Which raises the question: what of the generation behind Keifer and Baselitz? Well, meet Michael Riedel. He’s 41 and making an enormous stir with his work, which can currently be seen at David Zwirner in Mayfair until 31st May. Based in Frankfurt, this is Riedel’s first solo show in London. And while his work can be seen as the opposite of Keifer and Baselitz’s heroic paintings, one could perhaps draw a line of connection between Riedel and veteran German artist Gerhard Richter’s use of old news imagery in his photo-paintings.
Riedel, a tall and laconic figure who looks splendid in Scott Walker-style sunglasses and late-Mod haircut (“I’m still in love with my fantasy of the ’60s”, he has said), claims his work is 'naive'. He explains that the Zwirner show is two exhibitions in one.
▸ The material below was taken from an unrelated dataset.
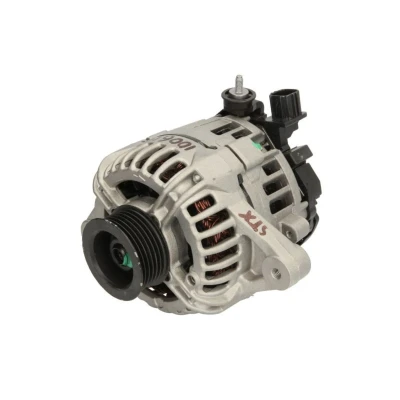 Imagem de Alternador, gerador STARDAX STX100614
Downstairs, he has hung work from a series called Oskar which consists of photocopied and found materials. Oskar is also the title of a new book that will debut at the exhibition, named after an abandoned building on Oskar-von-Miller Strasse in Frankfurt. With friends, Riedel transformed the structure from an old junkie’s squat into an experimental art space with a lively events programme that even included Friday-night dinners at Riedel's studio. He has said it was like 'a giant copy machine' and in a sense it quotes earlier experimental spaces, namely Andy Warhol’s Factory.
Riedel has a penchant for re-staging events, texts, objects and recordings, in all kinds of media as if to disavow artistic authorship. 'This is us recreating a photograph by Cecil Beaton of the Factory', he says, pointing to one work called Warhol Shooting (2001). In front of another: ‘this is an H&M advert which we put an Oskar sticker on.” Along the wall is a poster by artist Jim Isermann, taken from an installation that was binned after it was shown. Rescued by Riedel and his friends, they then reinstalled it in their own space: a natty comment on value. Riedel claims they, 'made it twice as bad as it was'. Riedel and his collaborator Dennis Löesch even produced their own Frieze Art Fair catalogue in 2004.
Central to Riedel’s practice is the idea or possibility of ‘infinite reproduction’. On the facing wall he has copied old and new masters – from Egon Schiele to Richard Hamilton – with tracings of the artworks overlaid on them, rather like graphic design used to look prior to the computer. “We use an overhead projector,” he says. They seamlessly collapse time and space. "Here’s a kind of ‘family tree’ of arthistory, copied and pasted," he says. "It’s the history of one year.”
Riedel’s relish for reproducing images in multiple layers is clearly attached to his experience of image making tools and methods. “The Xerox was my favourite thing at art school,” he says. But his work isn’t just some retro-hip use of analogue technology and today he frequently uses a computer. As he rightly claims he’s part of the “first generation that grew up digital" which makes him entirely attuned to endless reproduction.
But surely Riedel isn't just reproducing out of nostalgia? It seem that he is concerned with the mutation of reproduction or the lack of authorship today - but who knows? Riedel is a bit of a prankster and certainly not one for giving fixed explanations of his work. Nevertheless, making art with Riedel sounds a lot of fun. When the artists Gilbert and George came to Germany, Riedel hired two actors, called them “Gert” and “Georg,” and filmed them walking a few steps behind the famous ‘living sculptures’. Were they annoyed? “No. They made a group portrait with us.”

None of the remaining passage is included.